Well at least I'm asking for it :) 

Anyway, my thinking here was that if this change turned out to be safe (still to be determined?), not to cause performance regressions (it shouldn't, it's often used as a performance optimization), etc., then in the future this transformation and Synthetic analysis itself could be folded in with all the other transformations, making Synthetic analysis of fields the default and so resulting in fewer errors/warning being emitted after all.
Comment 4 Timo Kinnunen CLA 2015-09-02 02:09:22 EDT
(In reply to comment #3)
> if this change turned out to be safe (still to
> be determined?)

This question turned out quite surprising. The good news is that volatile reads won't need any special handling. The bad news is that the Java verifier and binary compatibility allow a read from a field to be volatile or non-volatile depending on other classfiles present at link time, so every read can potentially execute as volatile. This isn't as bad as it sounds and there's actually a simple solution that applies for all fields. As an example, here's this code where any field could be volatile: 

	public boolean hasValidAddressByRead_orig() {
		return address != null && address.validFrom != null && address.validFrom.isBefore(Instant.now());
	}

Writing out all of the reads, there's 5 reads in total and 3 locations where a NPE could occur as only two of the reads are covered by a null check:

	public boolean hasValidAddressByRead_0() {
		@Nullable Address r1; @Nullable Address r2; @Nullable Instant r3; @Nullable Address r4; @Nullable Instant r5;
		r1 = address;
		if(r1 != null) {
			r2 = address; r3 = r2.validFrom;
			if(r3 != null) {
				r4 = address; r5 = r4.validFrom;
				return r5.isBefore(Instant.now());
			}
		}
		return false;
	}

The problem is that later reads can contradict earlier reads. As any or all of the reads could be volatile the reads can't be reordered and combined freely. What we would like is a memory snapshot where r1==r2==r4 and r3==r5 and the reads happened in the order r1,r2,r3,r4,r5. 
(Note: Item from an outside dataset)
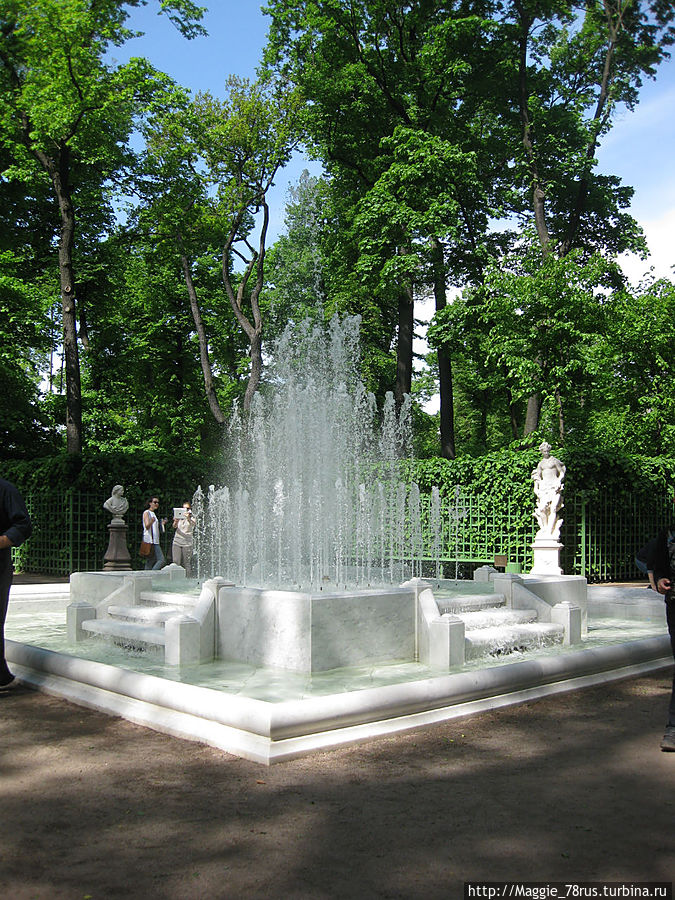 Фонтан «Пирамида».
Luckily the Java Memory Model doesn't prohibit a compiler from creating lots of unnecessary reads if such reads don't violate the memory model or have observable effects on program execution. We can use this to brute-force us our memory snapshot by repeating the five reads over and over until they are consistent. An unoptimized computer-generated version could look like this:

	public boolean hasValidAddressByRead_1() {
		boolean value;
		out: while(true) {
			point1: {
				point2: {
					Instant temp;
					retrying: while(true) {
						@Nullable Address r1 = address; if(r1 == null) break point1;
						@Nullable Address r2 = address; if(r2 != r1) continue retrying;
						@Nullable Instant r3 = r1.validFrom; if(r3 == null) break point2;
						@Nullable Address r4 = address; if(r4 != r1) continue retrying;
						@Nullable Instant r5 = r1.validFrom; if(r5 != r3) continue retrying;
						temp = r3;
						break retrying;
					}
					value = temp.isBefore(Instant.now()); break out;
				}
				value = false; break out;
			}
			value = false; break out;
		}
		return value;
	}

If we can make the inner loop execute so amazingly fast that changes to physical memory can't keep up, we will have 5 consistent reads in no time at all. 

After the inner loop has finished by assigning temp it will be the case that r1==r2, r1==r4 and r3==r5, those reads occurred in the correct order, and so we don't really need to perform the r2, r4 and r5 reads. With those reads replaced by values from r1 and r3 the inner loop now only runs once, and after some further cleanup this is the optimized version we have generated:

	public boolean hasValidAddressByRead_2() {
		@Nullable Address r1 = address;
		if(r1 != null) {
			@Nullable Instant r3 = r1.validFrom;
			if(r3 != null) {
				return r3.isBefore(Instant.now());
			}
			return false;
		}
		return false;
	}

I originally thought that I would have to examine every control flow path for each recognized code pattern to prove a transform is legal, but this retry approach seems more general and a lot simpler.